Gratitude journal prompts are a really effective way to relieve stress, boost self-esteem, and improve your mindset overall.

Being thankful and spending more time focusing on what we do have, rather than dwelling on what we don’t can be really uplifting and, I can say from personal experience, definitely gives you a much sunnier outlook.

While practising gratitude doesn’t mean you completely ignore anything negative and shrug off responsibilities, it does switch up our thought processes and helps us be a little bit more positive when going about our everyday life.

Gratitude doesn’t come easily for everyone, especially if you’re prone to feeling low or anxious. (Don’t worry, I’m right there with you.)

By using journal prompts for gratitude, we encourage our brain to go to a more positive place and be thankful if it doesn’t come naturally (or even if it does!).

Gratitude journaling – or writing what we’re grateful for down in a journal – helps cement those feelings of thankfulness, making it more ‘real’. Writing takes our thoughts from inside our heads and puts them on down on paper.

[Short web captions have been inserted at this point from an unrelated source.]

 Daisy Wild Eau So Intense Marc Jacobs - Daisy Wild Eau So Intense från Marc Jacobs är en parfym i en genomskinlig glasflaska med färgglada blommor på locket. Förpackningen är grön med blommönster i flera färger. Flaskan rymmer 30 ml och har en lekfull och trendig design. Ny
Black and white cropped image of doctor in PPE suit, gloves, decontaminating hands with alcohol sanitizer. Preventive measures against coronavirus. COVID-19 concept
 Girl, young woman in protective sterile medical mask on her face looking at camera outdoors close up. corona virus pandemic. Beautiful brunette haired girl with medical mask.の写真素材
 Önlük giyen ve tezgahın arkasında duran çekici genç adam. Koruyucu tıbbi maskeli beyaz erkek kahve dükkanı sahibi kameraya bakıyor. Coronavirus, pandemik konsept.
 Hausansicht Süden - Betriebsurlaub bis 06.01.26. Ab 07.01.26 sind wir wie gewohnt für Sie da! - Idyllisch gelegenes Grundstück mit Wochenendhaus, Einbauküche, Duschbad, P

It makes them physical and this helps us acknowledge them on a deeper level.

In a spiritual sense, it brings our thoughts from our head and into the 2D, which is easier for us to comprehend.

What’s more, journal prompts can help us gain a deeper understanding of not only gratitude, but ourselves.

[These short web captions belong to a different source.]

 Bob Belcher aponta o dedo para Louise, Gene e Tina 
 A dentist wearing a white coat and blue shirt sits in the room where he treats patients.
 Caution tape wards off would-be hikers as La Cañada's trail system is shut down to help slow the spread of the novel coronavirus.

Some of my favourite prompts for gratitude journaling prompts are:

#1. What does gratitude mean to you?

#2. What do you hope to achieve by practising gratitude?

list of gratitude journaling prompts

#3. What are 10 things that make you happy?

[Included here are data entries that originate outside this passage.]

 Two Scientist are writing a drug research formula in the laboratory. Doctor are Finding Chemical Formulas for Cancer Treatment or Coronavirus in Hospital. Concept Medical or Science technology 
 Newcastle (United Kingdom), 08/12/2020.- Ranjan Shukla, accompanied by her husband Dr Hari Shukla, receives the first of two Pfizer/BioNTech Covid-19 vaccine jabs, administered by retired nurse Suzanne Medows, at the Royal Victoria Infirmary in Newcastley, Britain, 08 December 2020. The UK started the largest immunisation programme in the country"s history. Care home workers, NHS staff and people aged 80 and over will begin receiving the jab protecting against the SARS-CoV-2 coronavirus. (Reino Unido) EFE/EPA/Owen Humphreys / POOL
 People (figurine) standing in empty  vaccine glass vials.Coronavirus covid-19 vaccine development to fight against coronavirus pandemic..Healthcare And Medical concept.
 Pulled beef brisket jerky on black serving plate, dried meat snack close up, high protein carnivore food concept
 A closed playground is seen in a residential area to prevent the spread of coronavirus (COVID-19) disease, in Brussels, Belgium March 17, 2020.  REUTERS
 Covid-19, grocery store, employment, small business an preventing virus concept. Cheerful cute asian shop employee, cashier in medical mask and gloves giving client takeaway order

#4. What are three things that you can do that instantly lift your mood?

#5. Who are you most grateful for in your life?

#6. Write about one person who has had a positive influence on your life.

#7. What self-care activities are you grateful for? How do you self-sooth?

#8. What’s your favourite food? What food makes you feel really grateful when you eat it?

#9. What smell are you grateful for? What sort of positive emotions does this smell provoke in you?

#10. What’s your favourite colour? Which colour makes you feel happier and why?

#11. What drink makes you feel warm and cosy? What feelings does this spark in you?

#12. What’s one way you get to move your body that makes you feel great, that you’re so thankful you get to do?

#13. Write about a life experience that you’ve learned a huge lesson from.

#14. How does practising gratitude make you feel?

#15. What creature comforts are you grateful for?

#16. What are five things you like about yourself?

#17. What are three awesome skills and talents that you possess.

#18. How do you plan to show gratitude to others?

#19. When was the last time you thanked yourself for being you? Why was it at this particular time? Let’s do it again now!

#20. Write about something good that’s happened to you this week.

#21. What’s something that you’re looking forward to?

#22. What hurdles have you overcome in your life that you’re really proud of?

#23. What’s one good deed that someone has done for you recently?

How to start a gratitude journal

Practising gratitude is a great way to start your journey to a more positive mindset.

There’s a lot of information out there about transforming your mindset, increasing your vibration, living your dream life and so on and so forth. However, while it’s amazing that people want to both provide and digest this knowledge, it can be SO overwhelming.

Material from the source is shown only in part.